INFORMATION PROVIDED:
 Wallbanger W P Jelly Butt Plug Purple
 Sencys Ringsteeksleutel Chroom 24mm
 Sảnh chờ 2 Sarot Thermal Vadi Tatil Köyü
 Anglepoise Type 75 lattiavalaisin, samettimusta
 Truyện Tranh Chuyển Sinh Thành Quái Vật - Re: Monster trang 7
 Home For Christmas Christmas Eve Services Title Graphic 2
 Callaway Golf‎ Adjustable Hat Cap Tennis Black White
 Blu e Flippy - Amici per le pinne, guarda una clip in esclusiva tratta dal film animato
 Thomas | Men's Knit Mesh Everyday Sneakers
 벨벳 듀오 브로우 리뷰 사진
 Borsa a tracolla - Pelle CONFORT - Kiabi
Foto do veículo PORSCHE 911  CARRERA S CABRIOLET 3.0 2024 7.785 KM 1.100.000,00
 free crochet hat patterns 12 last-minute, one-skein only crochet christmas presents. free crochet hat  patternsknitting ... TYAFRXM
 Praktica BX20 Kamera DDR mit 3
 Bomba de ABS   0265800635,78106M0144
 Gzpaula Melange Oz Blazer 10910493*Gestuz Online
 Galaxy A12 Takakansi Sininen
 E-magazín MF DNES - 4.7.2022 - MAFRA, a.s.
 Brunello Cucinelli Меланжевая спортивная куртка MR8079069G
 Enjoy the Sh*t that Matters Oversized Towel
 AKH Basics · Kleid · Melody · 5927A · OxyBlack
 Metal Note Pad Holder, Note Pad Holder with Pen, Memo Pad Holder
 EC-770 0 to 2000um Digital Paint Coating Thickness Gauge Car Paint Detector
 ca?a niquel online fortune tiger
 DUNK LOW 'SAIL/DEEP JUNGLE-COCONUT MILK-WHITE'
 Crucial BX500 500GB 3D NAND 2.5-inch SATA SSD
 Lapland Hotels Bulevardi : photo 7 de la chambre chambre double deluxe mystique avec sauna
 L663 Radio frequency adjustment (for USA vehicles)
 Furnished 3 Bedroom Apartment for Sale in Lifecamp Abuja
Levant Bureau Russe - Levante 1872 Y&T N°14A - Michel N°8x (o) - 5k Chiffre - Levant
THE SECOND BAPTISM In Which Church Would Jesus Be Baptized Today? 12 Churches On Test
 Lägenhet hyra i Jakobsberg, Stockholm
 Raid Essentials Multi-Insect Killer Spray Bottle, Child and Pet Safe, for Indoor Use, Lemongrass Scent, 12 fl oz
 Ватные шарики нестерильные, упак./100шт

INSTRUCTIONS TO FOLLOW: Retype all of the records so that every line matches the original exactly.

ANSWER:
 Wallbanger W P Jelly Butt Plug Purple
 Sencys Ringsteeksleutel Chroom 24mm
 Sảnh chờ 2 Sarot Thermal Vadi Tatil Köyü
 Anglepoise Type 75 lattiavalaisin, samettimusta
 Truyện Tranh Chuyển Sinh Thành Quái Vật - Re: Monster trang 7
 Home For Christmas Christmas Eve Services Title Graphic 2
 Callaway Golf‎ Adjustable Hat Cap Tennis Black White
 Blu e Flippy - Amici per le pinne, guarda una clip in esclusiva tratta dal film animato
 Thomas | Men's Knit Mesh Everyday Sneakers
 벨벳 듀오 브로우 리뷰 사진
 Borsa a tracolla - Pelle CONFORT - Kiabi
Foto do veículo PORSCHE 911  CARRERA S CABRIOLET 3.0 2024 7.785 KM 1.100.000,00
 free crochet hat patterns 12 last-minute, one-skein only crochet christmas presents. free crochet hat  patternsknitting ... TYAFRXM
 Praktica BX20 Kamera DDR mit 3
 Bomba de ABS   0265800635,78106M0144
 Gzpaula Melange Oz Blazer 10910493*Gestuz Online
 Galaxy A12 Takakansi Sininen
 E-magazín MF DNES - 4.7.2022 - MAFRA, a.s.
 Brunello Cucinelli Меланжевая спортивная куртка MR8079069G
 Enjoy the Sh*t that Matters Oversized Towel
 AKH Basics · Kleid · Melody · 5927A · OxyBlack
 Metal Note Pad Holder, Note Pad Holder with Pen, Memo Pad Holder
 EC-770 0 to 2000um Digital Paint Coating Thickness Gauge Car Paint Detector
 ca?a niquel online fortune tiger
 DUNK LOW 'SAIL/DEEP JUNGLE-COCONUT MILK-WHITE'
 Crucial BX500 500GB 3D NAND 2.5-inch SATA SSD
 Lapland Hotels Bulevardi : photo 7 de la chambre chambre double deluxe mystique avec sauna
 L663 Radio frequency adjustment (for USA vehicles)
 Furnished 3 Bedroom Apartment for Sale in Lifecamp Abuja
Levant Bureau Russe - Levante 1872 Y&T N°14A - Michel N°8x (o) - 5k Chiffre - Levant
THE SECOND BAPTISM In Which Church Would Jesus Be Baptized Today? 12 Churches On Test
 Lägenhet hyra i Jakobsberg, Stockholm
 Raid Essentials Multi-Insect Killer Spray Bottle, Child and Pet Safe, for Indoor Use, Lemongrass Scent, 12 fl oz
 Ватные шарики нестерильные, упак./100шт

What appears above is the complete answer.